拜登曾经撰文称,“我领导的政府将为美国人民在全球经济中取得成功提供条件,为中产阶级制定外交政策”。但入主白宫后,拜登的外交重心来了个乾坤大挪移。从近两年的外交行为来看,拜登政府显然对中美战略竞争更卖力。新版《国家安全战略》里,“中产阶级”几乎被遗忘(仅提及2次),而“竞争”却出现了44次。美国昆西国家事务研究所学者马库斯·斯坦利注意到,拜登政府的话语,已经从“服务于中产阶级的外交”,转向了应对“民主与专制的世纪大对决”。

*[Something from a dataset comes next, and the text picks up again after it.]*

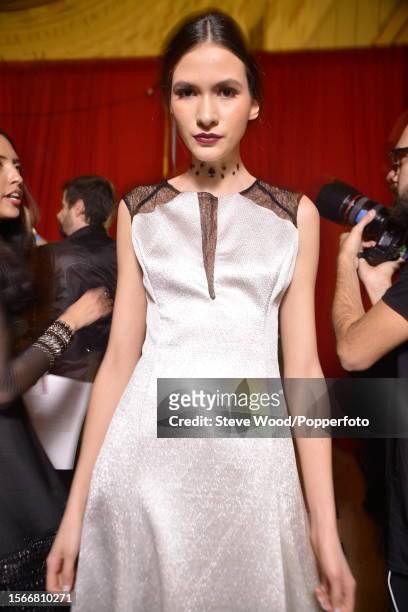 Backstage at Style Fashion Week, part of New York Fashion Week Autumn/Winter 2016/17, a model wears an A line dress in silver textured fabric by...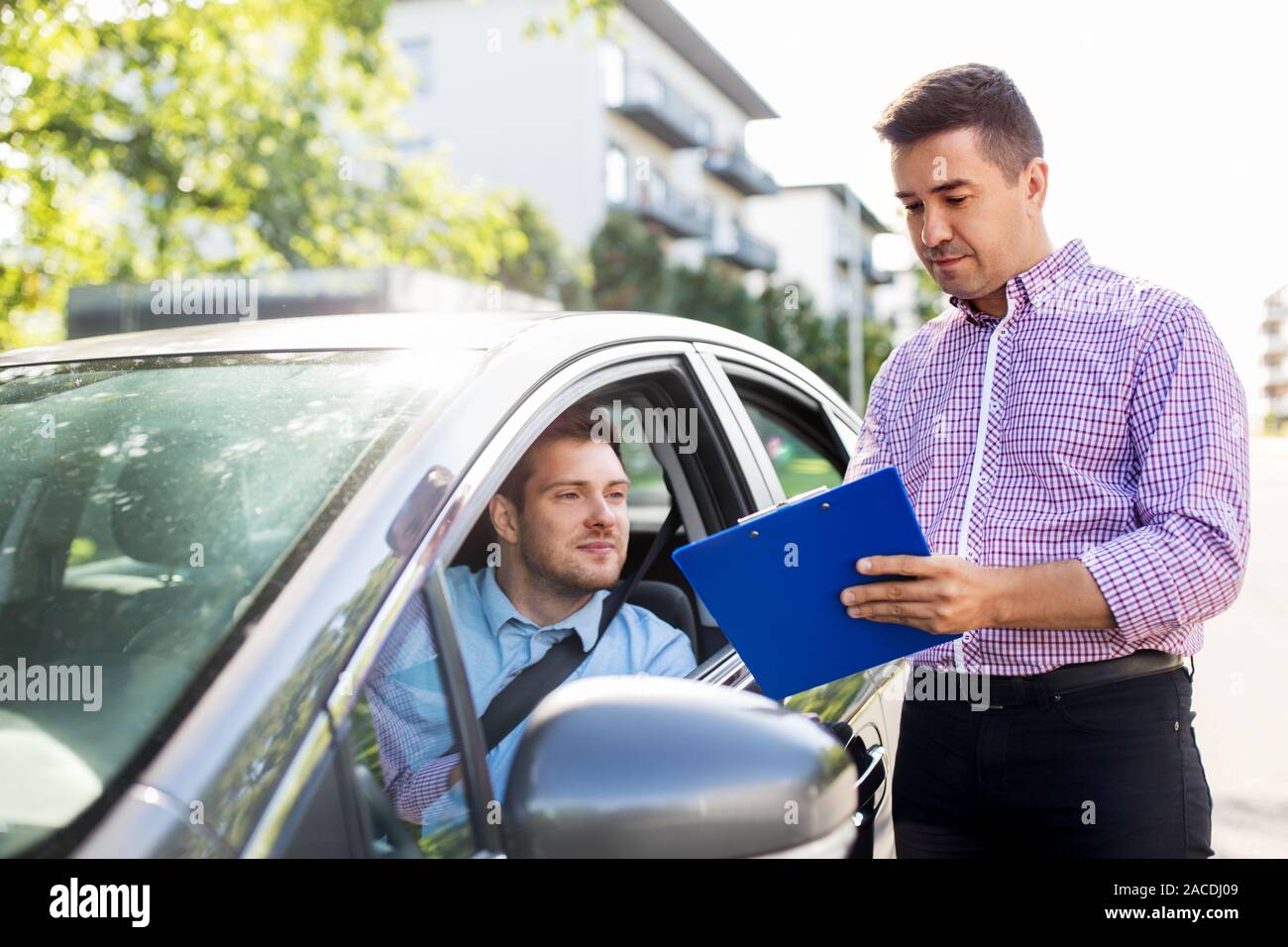 Guida auto istruttore con appunti e conducente Foto Stock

或许,拜登欠美国的中产阶级一个解释。因为这样的变化,触及的绝不只是政策上的调整,而是会影响整个国家的战略大方向。美国学者迈克尔·史文和杰克·维尔纳在最近的文章中指出,拜登政府的《国家安全战略》,试图解释如何让美国赢得民主与专制在全球范围内的对决。“这样做的话,那这份文件就暴露了华盛顿雄心与能力之间的巨大鸿沟,而这个鸿沟将危及美国,将其拖入塑造全球秩序、赢得大国竞争这种长期而且很可能徒劳的危险企图中。”
对于这种事实上的新冷战前景,拜登政府试图做“淡化”处理。美国总统国家安全顾问沙利文,在介绍新版《国家安全战略》时表示,“这份战略做了明确,我们避免仅以战略竞争的视角来看待世界”。但无论从哪个角度看,竞争的火药味更浓都是这份报告的突出特点。奥巴马政府时期的助理国务卿丹尼尔·拉塞尔在接受媒体采访时说:“经过21个月的酝酿,该战略明显地转向压倒性地强调与中国的竞争,尽管它声称要避免仅通过战略竞争来看待世界,但与中国竞争充斥着每一个章节。”同时并存的“淡化”与“强化”,逻辑上如何自洽?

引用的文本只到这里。